I have to wonder: how do these concerns differ from those in any other research situation? The biases and concerns Duffy talks about occur as a byproduct of most decision making events. The truthfulness of demographic information is always suspect. Even more to the point, a single report of events is rarely considered, by itself, proof of anything. This doesn't seem to bother historians; they cross-reference available records until they think they have a more accurate picture of events. Behavioral and social scientists argue endlessly over what constitutes good research and what doesn't. This is why there are always competing instructional models, and why it's often said that statistics lie. One segment is never enough. The process of comparing, of averaging results and knowing what actions or responses to look for in what situation: that's what makes the research, not the ability to hand out and recover fifty survey sheets.
So what question is the paper really posing?
As I understood the paper, the real question was if virtual worlds offered a legitimate platform with which to conduct social economy experiments. I'm no economist, but I would say yes. Considering that economy is based on systems of choice, and games are similarly nothing but systems of choice, a multi-player game is certainly just as valid (if no different) than a real world economy, especially for purposes of academic study.
The real difficulty would be in choosing the right virtual world for your study. Virtual worlds are conceptual tools. I could create an environment where I experimented with generating landscapes from fractals, and this might still be a virtual world, but unsuitable for an economic experiment. A virtual world like EVE Online, however, is fully worth economic research and, indeed, has people doing just that. Here again, I'm not an economist, but it occurs to me that being an economist without a game is like being an astronomer without an observatory.
Yes, it is more likely that, if I’m eighty, online I can lie about being younger, but what is the probability I would? What are the chances that an eighty year old, when asked, would fudge their age more than ten years if at all (still making them a senior, demographically)? What are the chances five would do it? Twenty? What are the chances that each of these users would not only lie about their age but all their other preferences, in order to hide unusual results?
Duffy does note that research in Virtual Worlds has a clear advantage over a panel at a physical location, namely that you can reach a wider, more diverse group of people, but this isn't something for which you need a virtual world, specifically. In fact, the overkill that a virtual world would present for a simplistic survey might itself mar the study. The error that many people seem to make when dealing with virtual world theory is treating virtual space like any other gathering place, effective to the same extent as any other sounding board or forum. This can be true, but it's not what makes a digital environment a “virtual world” in the whole sense.

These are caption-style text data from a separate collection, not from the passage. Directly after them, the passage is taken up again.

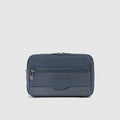 Men's Clutch Bag in Recycled Fabric with RFID Protection - Blue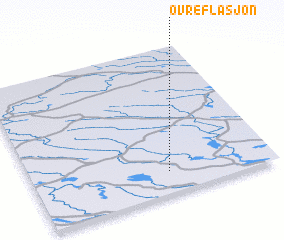 3d view of Övre Flåsjön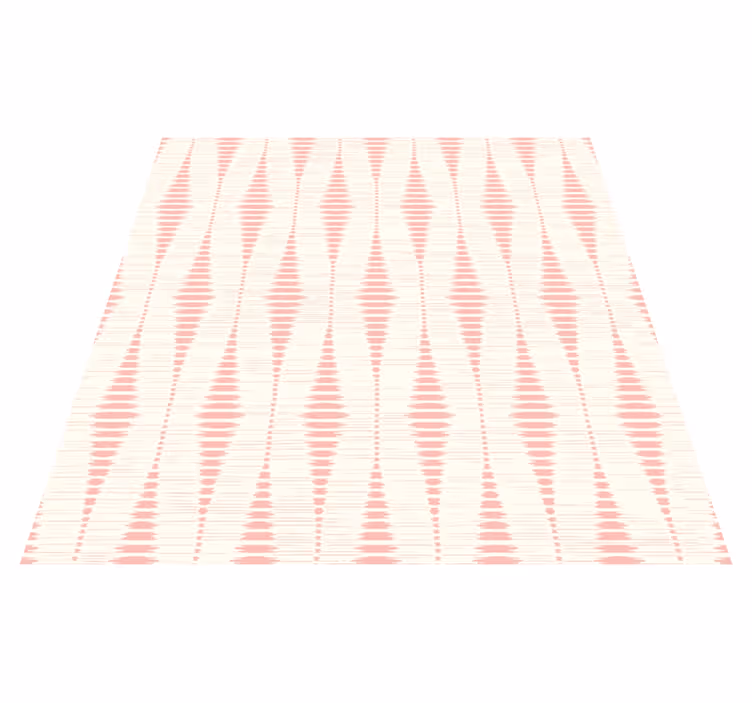 Vinyl teppich terrasse in pastellrosa rabaul ikat - TenStickers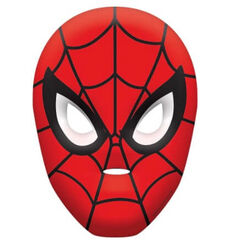 Plastic Spiderman Face Mask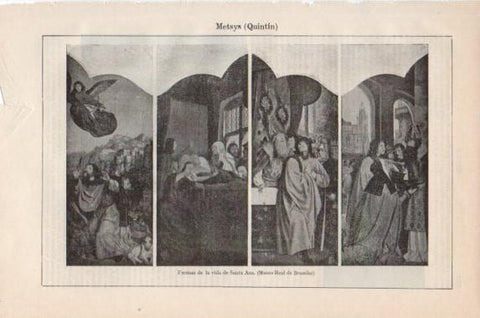 LAMINA V43933: Escenas de la vida de Santa Ana por Q. Metsys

What gives a Virtual World greater power than a related, “lesser” digital environment is the emergence and hold of a specific set of behaviors on the end user—in other words, a depth of culture that can't completely exist in any other situation. This becomes more about matching your methods than anything else. The lack of environmental factors matching to the study influenced Duffy's reaction in a specific way. As much as we like to discuss how virtual money can be equivalent to real money, the author is not a currency farmer (for instance), and by his own admission held little stake in the reward. The overkill of using a virtual world as the study environment possibly skewed the results of the experiment, unless it was an altered version of the trust experiment. This is not only because participants might have lied or quit early, but because some of us walk into a virtual experiment expecting too much precisely because it is in a virtual world, as in the case of this paper.

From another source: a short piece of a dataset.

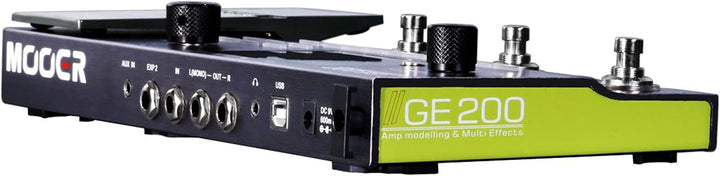 Mooer GE200 Multi-Effect Guitar Pedal, Grey Single, Single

The study Duffy took part in might have been a phenomenal success, yet from Duffy's point of view, it was serving to illustrate his concerns simply because it took place in Second Life. He was concerned with the possibilities of reporting false information in virtual arenas, which is valid, but the success of the choice being made in this particular experiment had very little to do with whether he lied about his age or not.
The thoughts that occur to me as I read discussions like these are about how, as behavioral scientists, we have to teach ourselves how and when different types of people in certain situations are likely to lie, and when those lies are likely to affect the environment in which they're made. One could argue that this technique makes up the bulk of many behavioral and social scientist's training.
One does not need be a professional to learn these techniques. Psychology undergrads are taught how to score psychological tests and in learning how to judge them, learn how to effectively cheat them. This is the stage that disillusions many would-be social scientists: when they realize that the truth of the research is in the eye of the beholder, and that similarly, this is somewhat the point.
So is this whole debate over the accuracy of online surveys unnecessary? Can a successful lie only be made by a person with a thorough understanding of the culture against which they craft the lie? If this is so, doesn't the lie then become the best indicator of the true community reality?